As many of the early settlers in western Missouri migrated from the Upper South, they brought enslaved African Americans as agricultural laborers, and they desired to continue their culture and the institution of slavery. They settled predominantly in 17 counties along the Missouri River, in an area of flatlands that enabled plantation agriculture and became known as "Little Dixie." In 1821 the former Missouri Territory was admitted as a slave state, in accordance with the Missouri Compromise, and with a temporary state capital in St. Charles. In 1826, the capital was shifted to its current, permanent location of Jefferson City, also on the Missouri River.
The state was rocked by the 1812 New Madrid earthquake. Casualties were few due to the sparse population.
Originally the state's western border was a straight line, defined as the meridian passing through the Kawsmouth,[29] the point where the Kansas River enters the Missouri River. The river has moved since this designation. This line is known as the Osage Boundary.[30] In 1836 the Platte Purchase was added to the northwest corner of the state after purchase of the land from the native tribes, making the Missouri River the border north of the Kansas River. This addition increased the land area of what was already the largest state in the Union at the time (about 66,500 square miles (172,000 km2) to Virginia's 65,000 square miles, which then included West Virginia).[31]
Fur Traders Descending the Missouri by Missouri painter George Caleb Bingham
In the early 1830s, Mormon migrants from northern states and Canada began settling near Independence and areas just north of there. Conflicts over religion and slavery arose between the 'old settlers' (mainly from the South) and the Mormons (mainly from the North). The Mormon War erupted in 1838. By 1839, with the help of an "Extermination Order" by Governor Lilburn Boggs, the old settlers forcefully expelled the Mormons from Missouri and confiscated their lands.
Conflicts over slavery exacerbated border tensions among the states and territories. From 1838 to 1839, a border dispute with Iowa over the so-called Honey Lands resulted in both states' calling-up of militias along the border.
With increasing migration, from the 1830s to the 1860s Missouri's population almost doubled with every decade. Most of the newcomers were American-born, but many Irish and German immigrants arrived in the late 1840s and 1850s. As a majority were Catholic, they set up their own religious institutions in the state, which had been mostly Protestant. Having fled famine and oppression in Ireland, and revolutionary upheaval in Germany, the immigrants were not sympathetic to slavery. Many settled in cities, where they created a regional and then state network of Catholic churches and schools. Nineteenth-century German immigrants created the wine industry along the Missouri River and the beer industry in St. Louis.

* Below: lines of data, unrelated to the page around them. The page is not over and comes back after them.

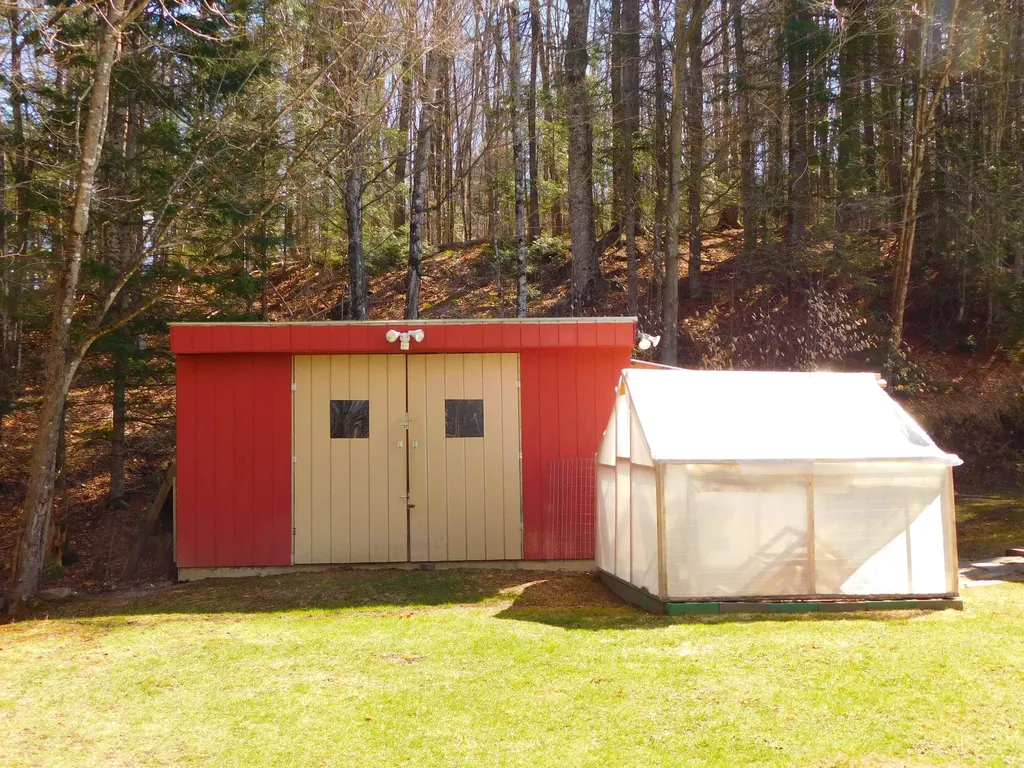 87-89 Sullivan Drive Stewartstown NH 03576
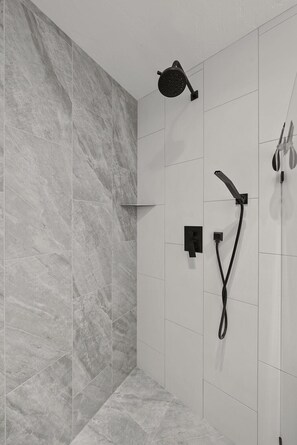 Shower, hair dryer, towels, soap - MT. BACHELOR VILLAGE RESORT- Unique, Modern 1b/1ba condo. Ideal location! (Bend)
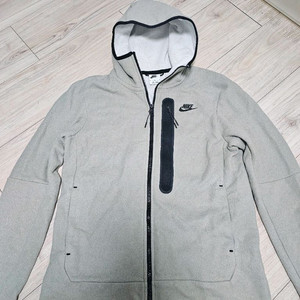 NIKE 나이키 테크 플리스 윈터라이즈드 풀집 후디 4만에 팝니다.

Most Missouri farmers practiced subsistence farming before the American Civil War. The majority of those who held slaves had fewer than five each. Planters, defined by some historians as those holding twenty slaves or more, were concentrated in the counties known as "Little Dixie", in the central part of the state along the Missouri River. The tensions over slavery chiefly had to do with the future of the state and nation. In 1860, enslaved African Americans made up less than 10% of the state's population of 1,182,012.[32] In order to control the flooding of farmland and low-lying villages along the Mississippi, the state had completed construction of 140 miles (230 km) of levees along the river by 1860.[33]
American Civil War
Main article: Missouri in the American Civil War
Price's Raid in the Trans-Mississippi Theater, 1864
After the secession of Southern states began in 1861, the Missouri legislature called for the election of a special convention on secession. The convention voted decisively to remain within the Union. Pro-Southern Governor Claiborne F. Jackson ordered the mobilization of several hundred members of the state militia who had gathered in a camp in St. Louis for training. Alarmed at this action, Union General Nathaniel Lyon struck first, encircling the camp and forcing the state troops to surrender. Lyon directed his soldiers, largely non-English-speaking German immigrants, to march the prisoners through the streets, and they opened fire on the largely hostile crowds of civilians who gathered around them. Soldiers killed unarmed prisoners as well as men, women and children of St. Louis in the incident that became known as the "St. Louis Massacre".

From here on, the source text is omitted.